We live in a data-centric environment where the real world is increasingly viewed not firsthand but through the data that represents it. Very few of us actually touch, or even see, the tangible objects, or participate in the events we report on. Instead we rely on the data, and we contribute to its quality. Today, more than ever before, our access to data, the ability of our computer applications to use it and the ultimate accuracy of the data determines how we see and interact with the world we live and work in.
On the one hand, complexity and detail can be measured by the quantity of data. A good example of this is where an image comes into focus, or a web page is completed, as more and more data arrives. On the other, the accuracy with which we see the real world can be measured by the quality of the data.
Data is intrinsically simple and can be divided into data that identifies and describes things, master data, and data that describes events, transaction data.
Master data describes and identifies both tangible and intangible things, such as individuals, organizations, locations, tangible goods and intangible services but also processes, laws, rules and regulations. Typically, we use identifiers to reference master data as in an airport code, a tax ID, a passport number, a vehicle license number, a part number, a serial number and a credit card number; these are references to master data.
Transaction data describes an event such as the completion of a process, a credit card transaction, a purchase, a sale or a transfer. The ability to resolve the references to master data contained in transaction data is an important aspect of the quality of transaction data.
Transparency requires that:
- Transaction data accurately identifies who, what, where and when, and
- Master data accurately describes who, what and where
Understanding Data Quality Data is defined as the “symbolic representation of something that depends, in part, on its metadata for its meaning.” It follows, therefore, that the quality of the metadata must play an important part in determining data quality. Metadata gives data meaning. For example, “50-02-01” is a meaningless string of characters but apply the metadata “Date of Birth” and it becomes meaningful data. To make it unambiguous we need to have a syntax such as CCYY-MM-DD and the associated value upgraded to 1950-02-01.
Good quality metadata comes from a metadata registry or a technical dictionary. This will contain a definition of the concept. For example, the concept: “Date of birth” has a concept definition of: “Year, month and day in which a person or an animal is born.” Even better, an open technical dictionary will assign a language independent public domain concept identifier, as for example 0161-1#02-065175#1 in the Electronic Commerce Code Management Association (ECCMA) open technical dictionary (eOTD). This allows the data 0161-1#02-065175#1:1950-02-01 to be rendered as either Date of Birth: February 2, 1950 or Date de naissance: 2 Février 1950.
Using quality metadata from an open technical dictionary creates not only quality data in the sense that it is unambiguous, but it also creates portable data, data that can be easily moved from one application to another and preserved over time independently of software. Finally using pubic domain concept identifiers as metadata protects the intellectual property in the data.

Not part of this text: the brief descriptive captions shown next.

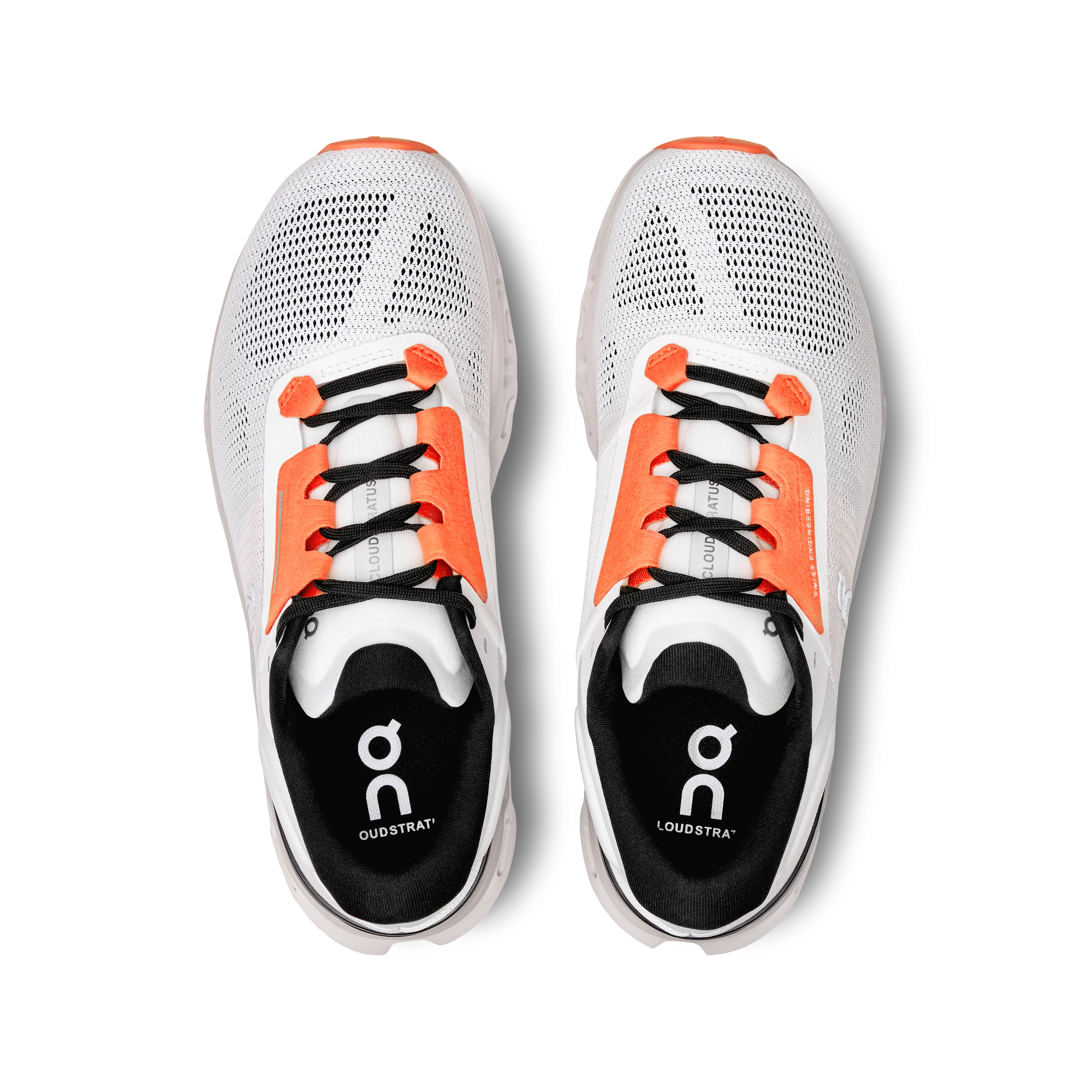 Contoured Sole Padded interior Cloudstratus 3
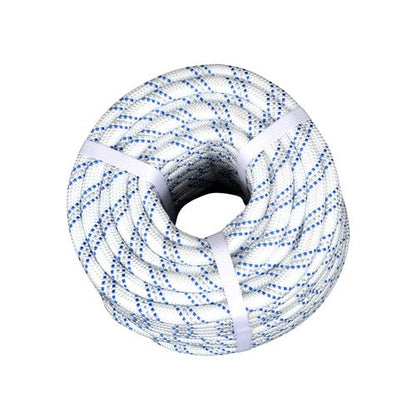 Braided Polyester Rope 8400 Lbs Breaking Strength For Swing Double 1/2" x 120'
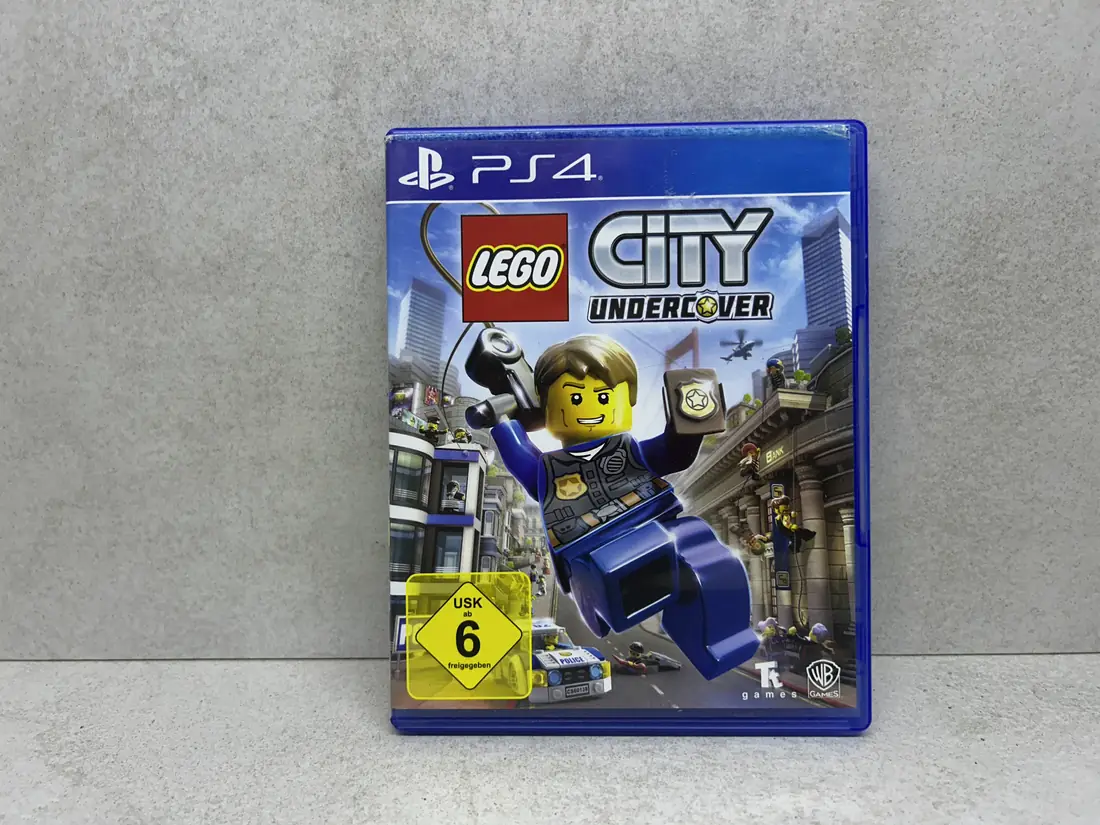 LEGO City Undercover - PS4 igra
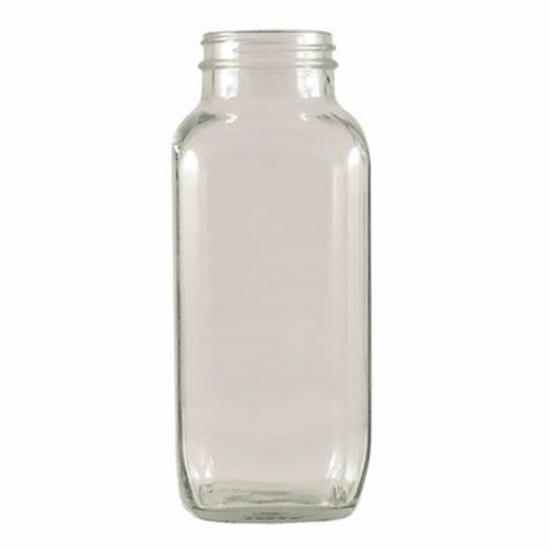 empty glass milk bottles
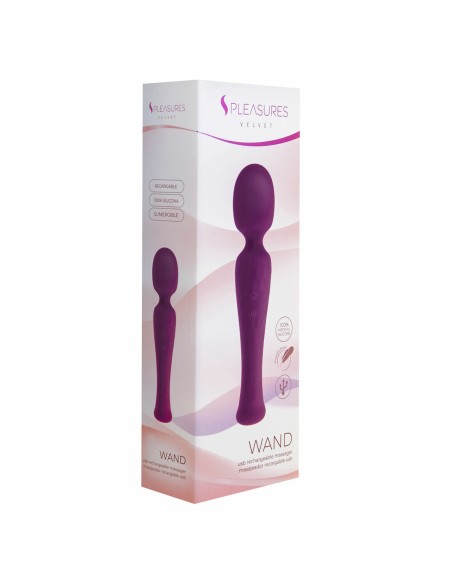 Masseur S Pleasures Wand Lila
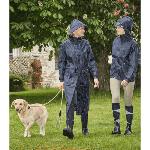 Imperméable d'Equitation Léger Avec Fente Arrière DOVER, ELT PARIS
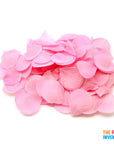 Light Pink Fabric Petals
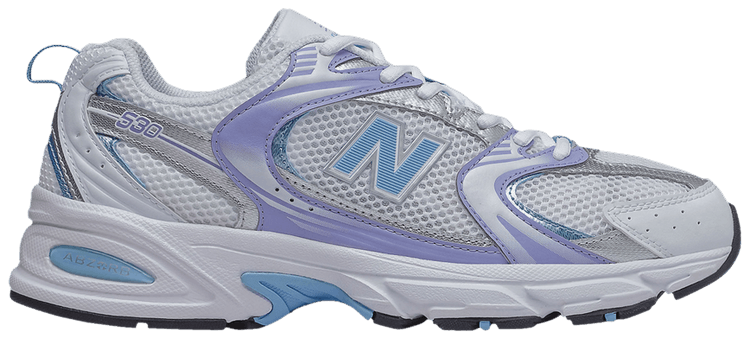New Balance 530 White Lilac Blue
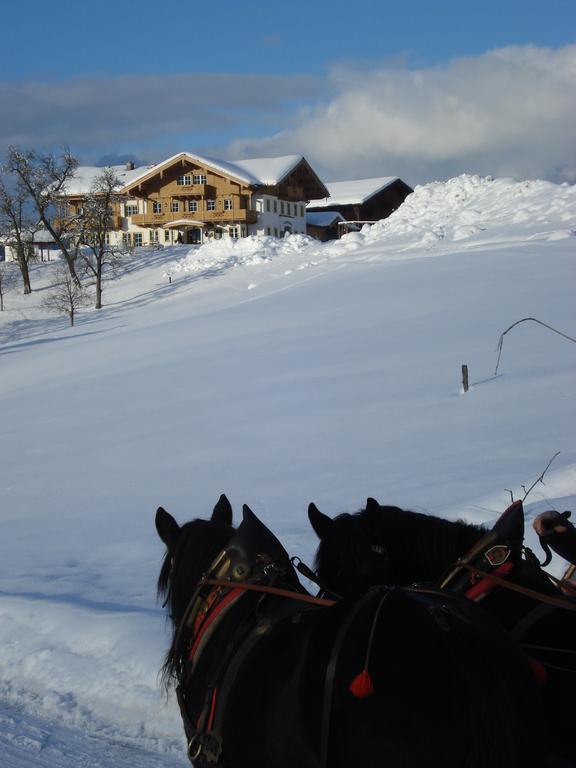 Apartamento Mitterbichlhof Sankt Johann im Pongau Exterior foto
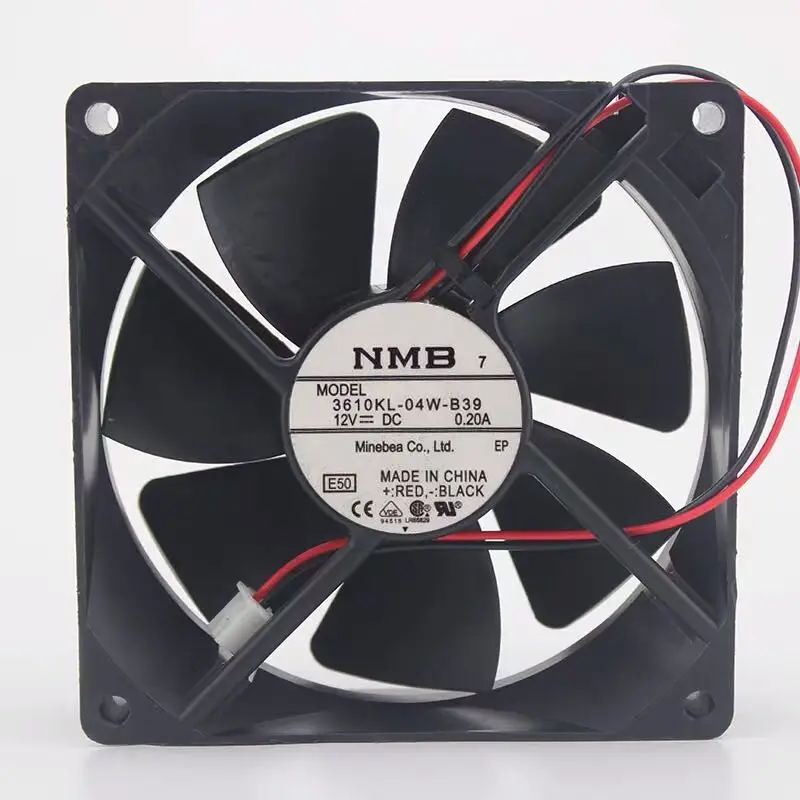 

Radiator Cooling Cooler Fan For NMB 3610KL-04W-B30 9CM 9025 9225 DC 12V 0.20A 92*92*25mm FOR Chassis power supply 2700RPM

Implementing ISO 8000, the International Standard for Data Quality ISO 8000 is concerned with the principles of data quality, the characteristics of data that determine its quality, and the processes to ensure data quality. The standard is in several parts that allow it to be implemented for a specific type of data as well as incrementally within the type.
ISO 8000-110:2008 is the foundation standard for master data quality. Master data that is compliant with the standard is portable data that is formatted according to a published syntax and where the metadata is explicit, either included with the data or by reference to an open technical dictionary.
Requesting or requiring that master data is provided in ISO 8000-110:2008 compliant format is not a burden to the data provider. The requirements of ISO 8000-110:2008 are simple; they require no specialized technology or the purchase of any product or service and are within the capability of all companies regardless of their size. ISO 8000-110:2008 is available from the ANSI eStandards store.
ISO 8000-120:2009 is a supplement to ISO 8000-110:2008 that covers master data provenance. The standard is designed to assist in tracking the extraction of data elements through to their original source. Implementation of this standard requires knowledge of database management.
ISO 8000-130:2009 is a supplement to ISO 8000-120:2008 that covers master data accuracy. The standard is designed to assist in tracking claims to accuracy of data elements. Implementation of this standard requires knowledge of database management.